What is being asked
Set down nothing but the lines from the one containing "#AI #ML #ArtificialIntelligence" to the final line of the material, exactly as written, and drop the pictures.

Exercise materials
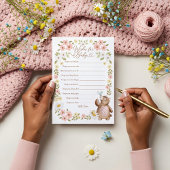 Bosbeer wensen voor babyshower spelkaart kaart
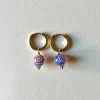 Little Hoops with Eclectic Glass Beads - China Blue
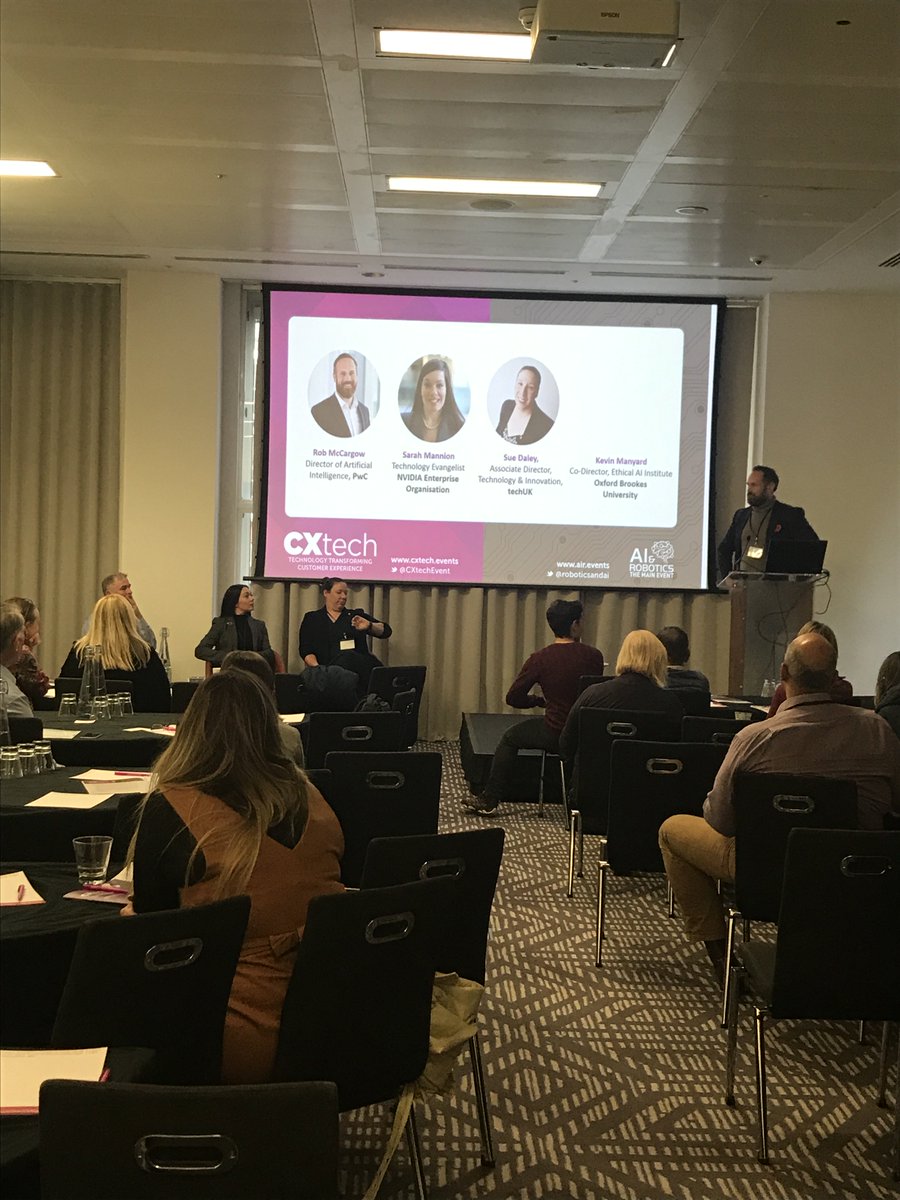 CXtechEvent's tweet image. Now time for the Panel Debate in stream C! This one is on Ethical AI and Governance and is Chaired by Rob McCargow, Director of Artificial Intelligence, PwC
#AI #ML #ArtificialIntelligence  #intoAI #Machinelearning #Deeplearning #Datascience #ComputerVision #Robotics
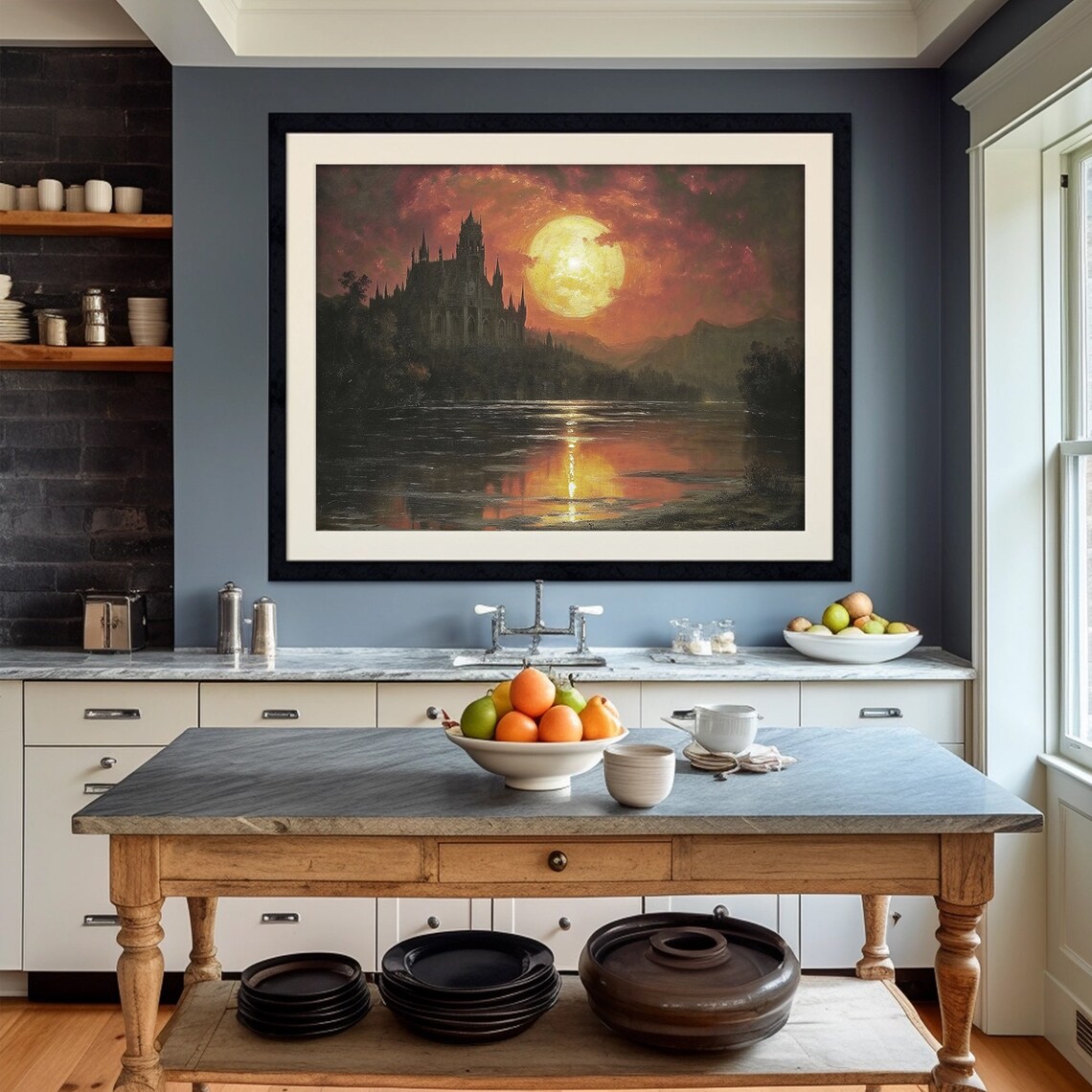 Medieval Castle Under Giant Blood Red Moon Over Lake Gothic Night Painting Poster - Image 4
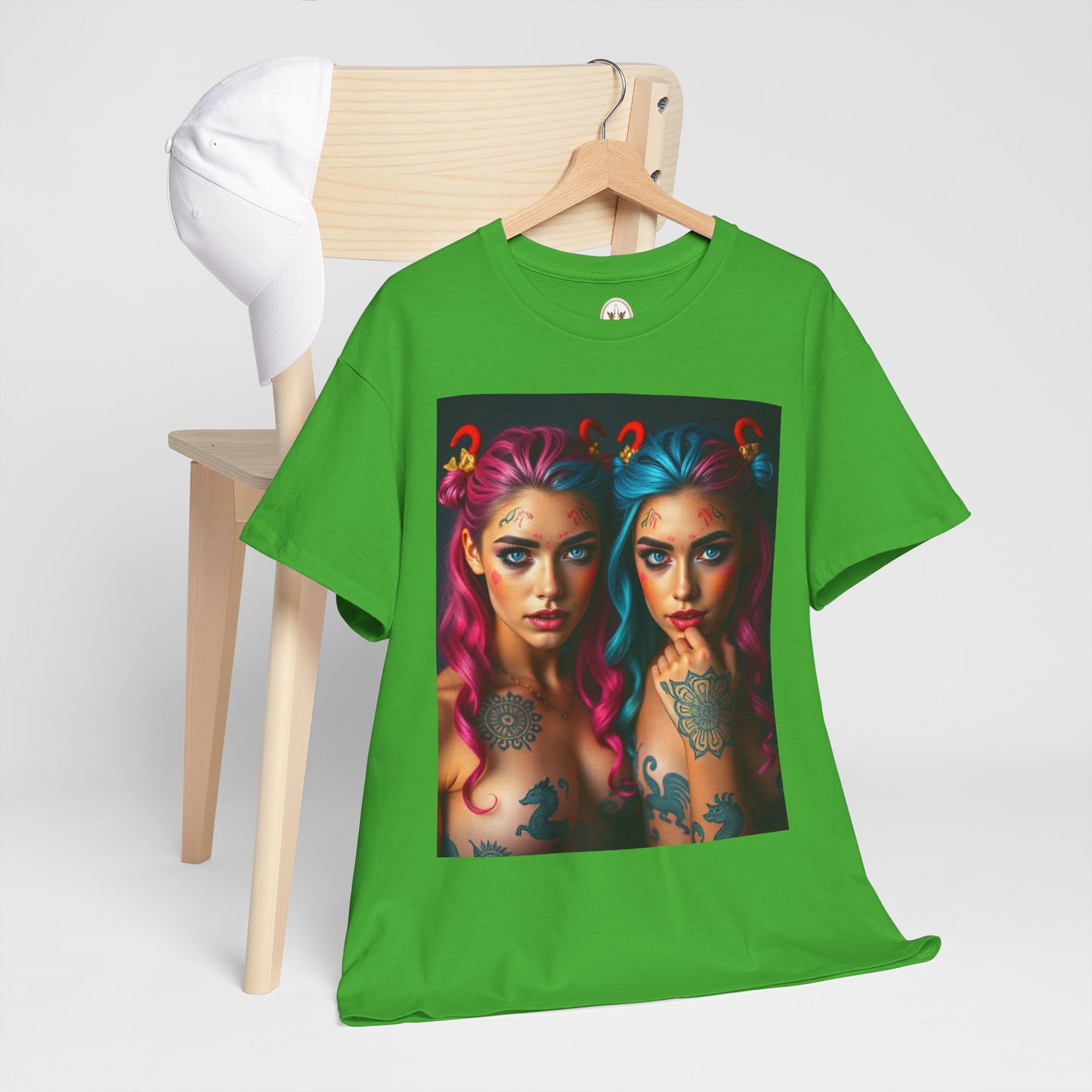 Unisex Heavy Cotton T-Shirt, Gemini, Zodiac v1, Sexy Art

Task result
#AI #ML #ArtificialIntelligence  #intoAI #Machinelearning #Deeplearning #Datascience #ComputerVision #Robotics
 Medieval Castle Under Giant Blood Red Moon Over Lake Gothic Night Painting Poster - Image 4
 Unisex Heavy Cotton T-Shirt, Gemini, Zodiac v1, Sexy Art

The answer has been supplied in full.